### Exercise prompt
Copy the lines running from the one that contains "FAVOMOTO Receptor Sem" to the end of the entries below, exactly and with no pictures.

### Raw data
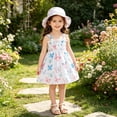 thumbnail image 5 of ATOGUTA Girls Sleeveless Dress Casual Beach Party Print Spaghetti Straps Sundress with Hat White, Size 3M-3T, 5 of 7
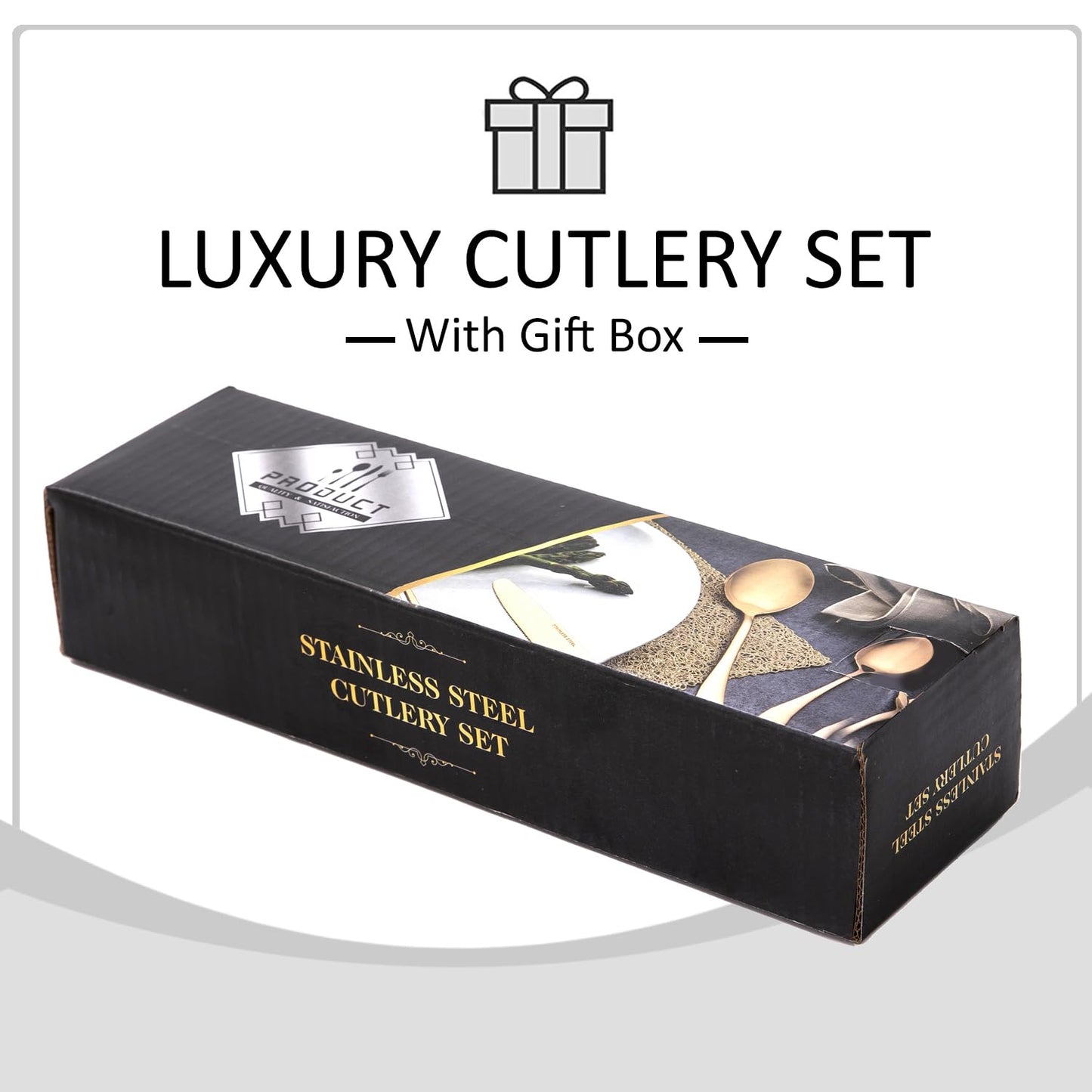 Cutlery Set of 18 / 24 Pcs Stainless Steel Flatware Set, Mirror Finish - Gold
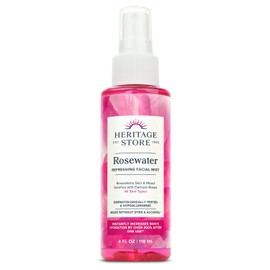 HERITAGE STORE Rosewater - Refreshing Face Mist with Damask Rose, All Skin Types - Hydrating Rose Water Spray for Glowing Skin Care - No Dyes or Alcohol, Hypoallergenic, Vegan, 60-Day Guarantee, 4oz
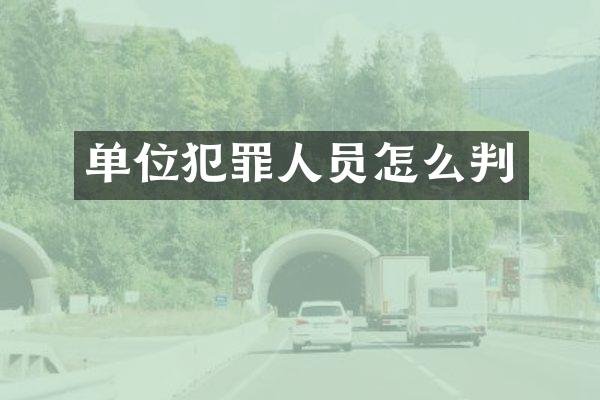 单位犯罪人员怎么判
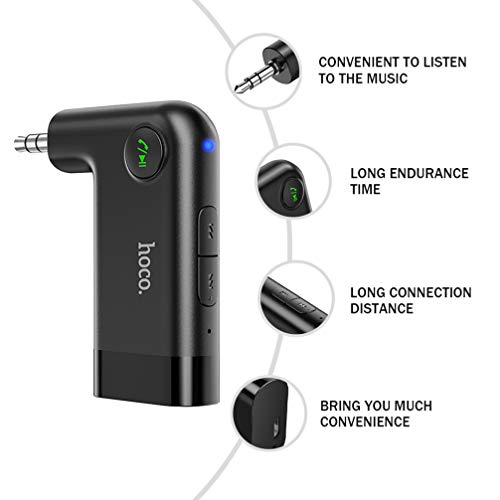 FAVOMOTO Receptor Sem Fio para Carro Adaptador Aux Estéreo de Música Portátil 3. Saída Estéreo de 5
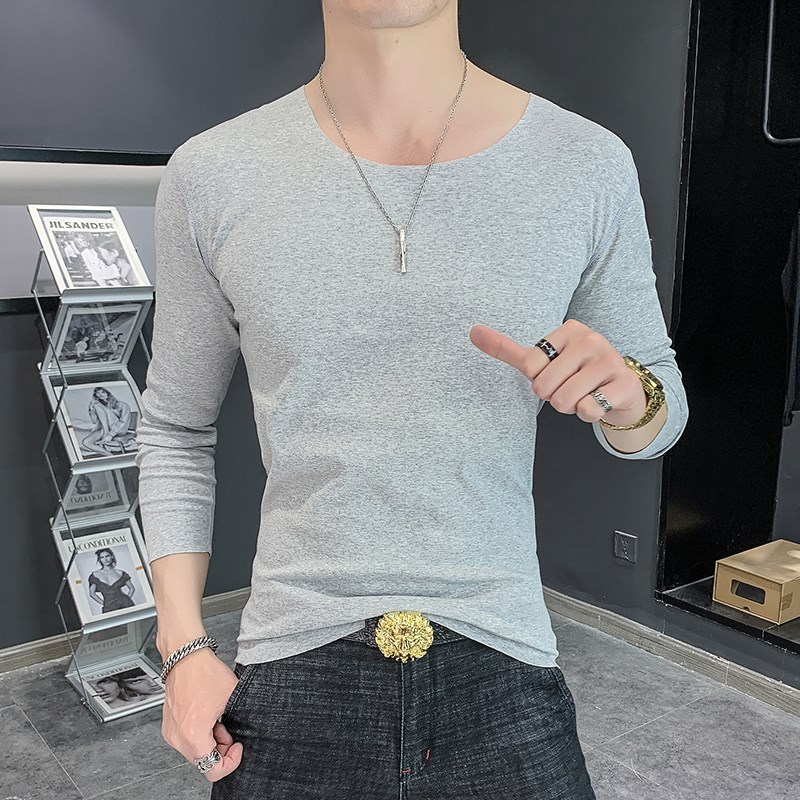 男士长袖T恤丝光棉V领白色紧身薄款T恤衫低领内搭衣秋衣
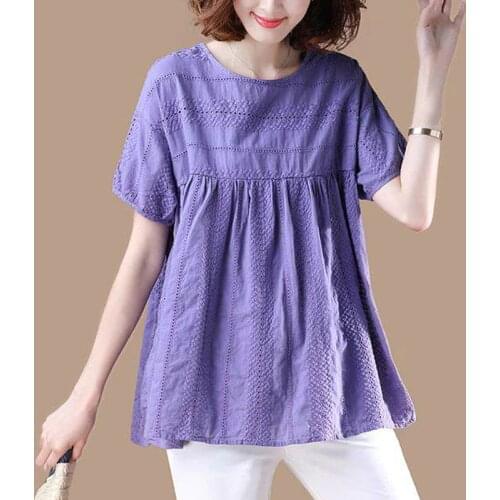 Summer 2019 Women Short Sleeve Embroidered Purple Pleated Loose Cotton Top T Shirt , Womens Female 3xl Embroidery Shirts Blouse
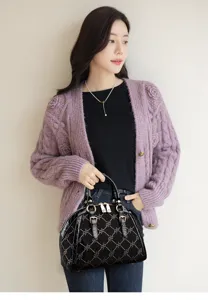 Elegant black rhinestone shell handbag for women, spacious daily commuter shoulder bag stylish.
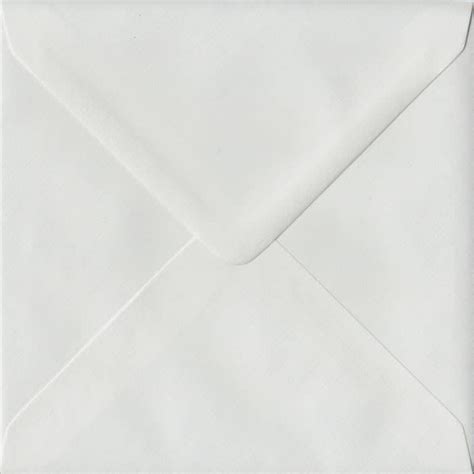 100 White Square Envelopes White Laid Gummed 155mm X 155mm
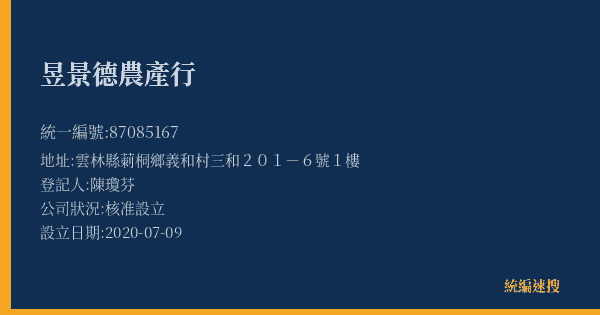 昱景德農產行的照片-統編 87085167(雲林縣) 公司登記資料與營業項目詳細圖表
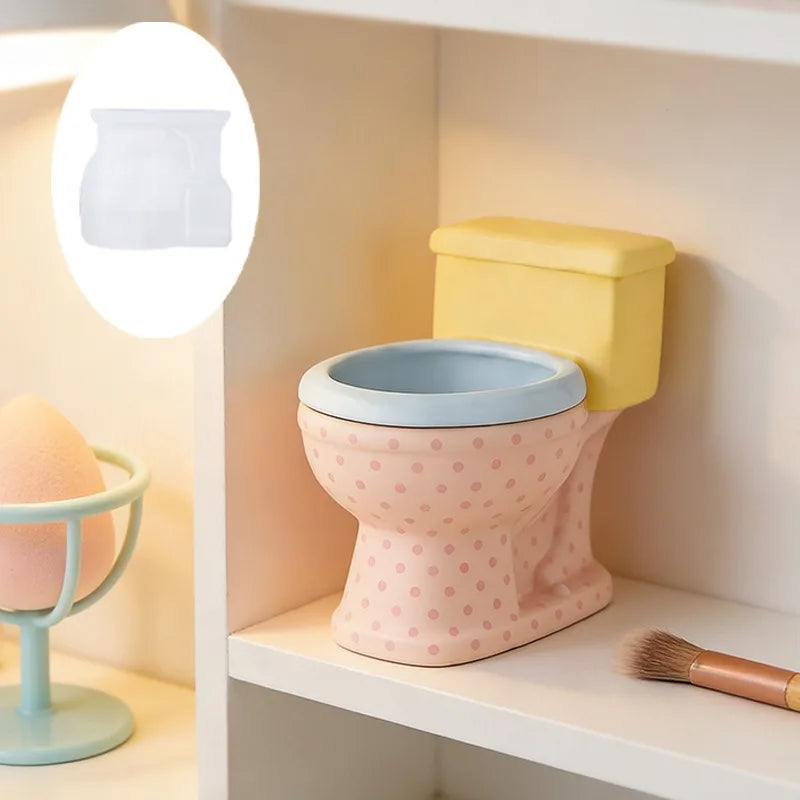 Creative Toilet Silicone Mold 3D Funny Candle Soap Making DIY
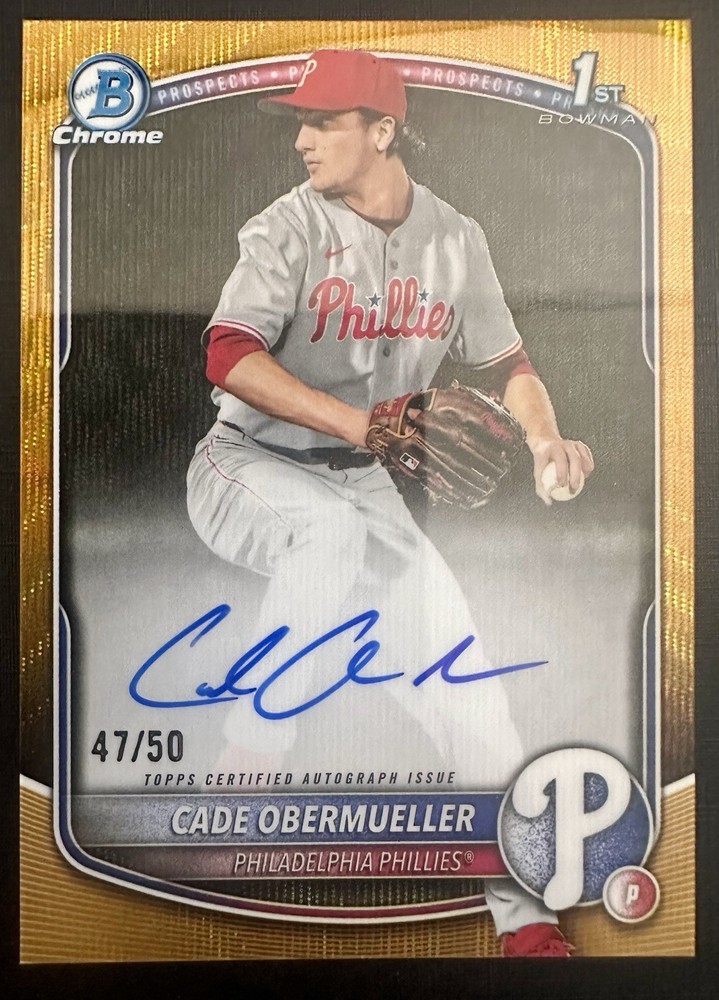 2025 Bowman Draft – Chrome 1st Autographs Cade Obermueller #CPA-CO Gold /50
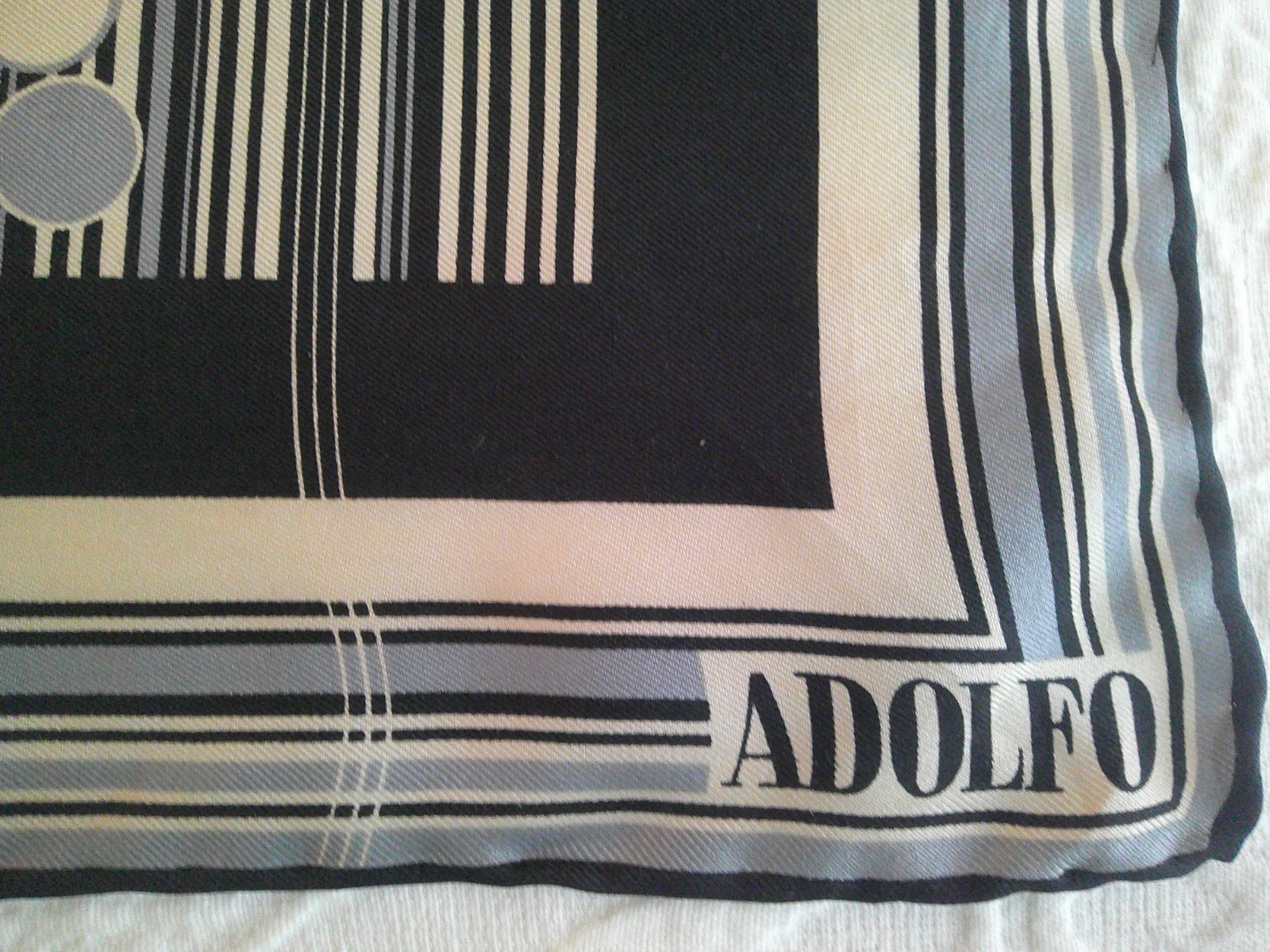 Vintage Designer Adolfo 22″ square Silk Scarf Black/Gray/Tan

### Solution to this problem
 FAVOMOTO Receptor Sem Fio para Carro Adaptador Aux Estéreo de Música Portátil 3. Saída Estéreo de 5
 男士长袖T恤丝光棉V领白色紧身薄款T恤衫低领内搭衣秋衣
 Summer 2019 Women Short Sleeve Embroidered Purple Pleated Loose Cotton Top T Shirt , Womens Female 3xl Embroidery Shirts Blouse
 Elegant black rhinestone shell handbag for women, spacious daily commuter shoulder bag stylish.
 100 White Square Envelopes White Laid Gummed 155mm X 155mm
 昱景德農產行的照片-統編 87085167(雲林縣) 公司登記資料與營業項目詳細圖表
 Creative Toilet Silicone Mold 3D Funny Candle Soap Making DIY
 2025 Bowman Draft – Chrome 1st Autographs Cade Obermueller #CPA-CO Gold /50
 Vintage Designer Adolfo 22″ square Silk Scarf Black/Gray/Tan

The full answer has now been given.